A good day out as it turned out with no rain when we got there and some actual sunshine too. It was good to meet some familiar faces and have a chat and catch up. Good to see Andy Yellow hasn't lost his touch and still winning awards.

Nice to see your car go round the track Carl and see it close up. It looks well sorted - reminded me of my old rally car. It looks a good magazine you're involved with there too. I'll have to look out for the next issue featuring your car


----------



## peter-ss (Sep 3, 2008)

Another excellent event concluded with another gold award for the TTOC.
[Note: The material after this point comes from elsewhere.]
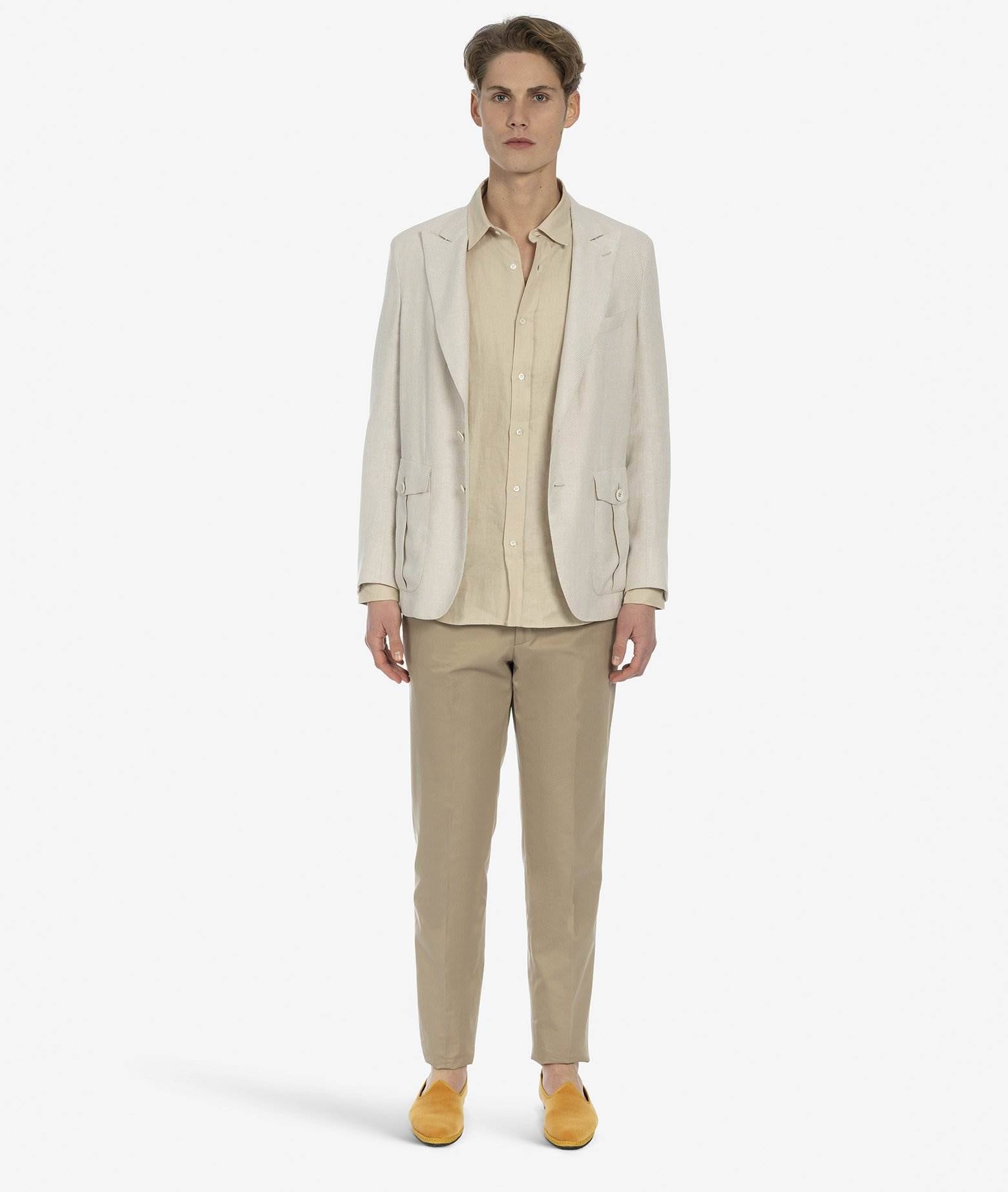 Single-Breasted Jacket Mumbai Beige Tailored Made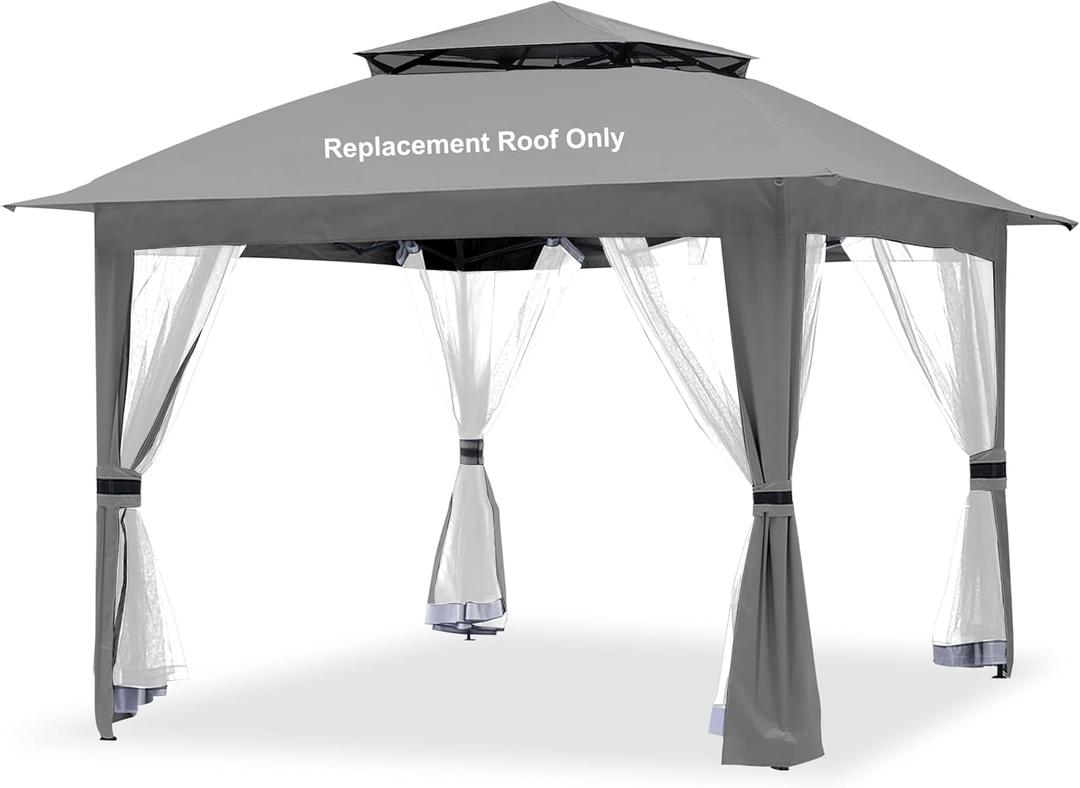 Grey Gazebo Cover Compatible with CoolSpot 11'x11' B07QYMDP3D,B08GKHZ4SX,B08GKJ2J22,B0CL3Q2TTK,B0BPCBJ3XL,A109000101,A109004401,ASIN: B0BY7KBSFZ,B09PTDSSDS,B09PTCTK51,CS121-BGE-AZ, G121-TAN (Gray)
Here are some of my photos of the day.


----------



## A3DFU (May 7, 2002)

Very good pictures, Peter [smiley=thumbsup.gif] 
This one is for me:



The Audi quattro is still my favourite car and I would buy one today if I could


----------



## Rocketr (Jul 1, 2012)

Great day and night yesterday, good to meet people again. 
My pic from the trackside:









Anyone know what was going on at the end of the night in the bar area? Some guy upsetting a few people and I stepped in to break it up

Create.cut.stick - stickerseller


----------



## malstt (Apr 18, 2007)

Looked a great event and i'm pleased to see the club won some awards. will hopefully be able to make it next year !


----------



## jamman (May 6, 2002)

Glad the weather got better and the evening was great fun


----------



## YELLOW_TT (Feb 25, 2004)

jamman said:


> Glad the weather got better and the evening was great fun


Yes a very wet start but turned in to a good day and night


----------



## TTchan (Mar 24, 2012)

Apart from what happened to me at the very end of the night, I had an amazing time, everyone was so lovely and I had such a laugh at the Audi reception and gala, can't wait till next year


----------



## A3DFU (May 7, 2002)

Lovely seeing you again Cantelle and I'm glad you enjoyed the food as it can be very hit and miss there


----------



## TTchan (Mar 24, 2012)

A3DFU said:


> Lovely seeing you again Cantelle and I'm glad you enjoyed the food as it can be very hit and miss there


And you too Dani, shame you missed the meal. Was actually very nice, apart from the desert, the lemon tart was VERY strong :lol:


----------



## jamman (May 6, 2002)

YELLOW_TT said:


> jamman said:
> 
> 
> > Glad the weather got better and the evening was great fun
> ...


Your ladies napkin chicken being a highlight :wink:


----------



## jamman (May 6, 2002)

TTchan said:


> A3DFU said:
> 
> 
> > Lovely seeing you again Cantelle and I'm glad you enjoyed the food as it can be very hit and miss there
> ...


Can't beat a good tart :wink:


----------



## neilc (Aug 8, 2011)

And you hiding a starter on your lap James :lol:


----------



## jamman (May 6, 2002)

neilc said:


> And you hiding a starter on your lap James :lol:


Do not give my trade secrets away would have gone for a main if I had known it was going to be that good. :wink:


----------



## YELLOW_TT (Feb 25, 2004)

neilc said:


> And you hiding a starter on your lap James :lol:


 :lol: wish i had thought of that guess there is always next year


----------



## A3DFU (May 7, 2002)

What on earth did you get up to guys  :roll:


----------



## TTchan (Mar 24, 2012)

jamman said:


> YELLOW_TT said:
> 
> 
> > jamman said:
> ...


Lmao that was hilarious !!! Couldn't stop laughing :lol:


----------



## YELLOW_TT (Feb 25, 2004)

jamman said:


> YELLOW_TT said:
> 
> 
> > jamman said:
> ...


For anyone who missed it you can also make them with a tea towel


----------



## jamman (May 6, 2002)

Get it on your head...... :lol: :lol: :lol:


----------



## YELLOW_TT (Feb 25, 2004)

jamman said:


> Get it on your head...... :lol: :lol: :lol:


What like this you mean


----------



## jamman (May 6, 2002)

Yep good lad :lol:


----------



## YELLOW_TT (Feb 25, 2004)

YELLOW_TT said:


> jamman said:
> 
> 
> > Get it on your head...... :lol: :lol: :lol:
> ...


Just got it off my head in time look what just happened


----------



## jamman (May 6, 2002)

:lol: :lol: :lol:


----------



## A3DFU (May 7, 2002)




----------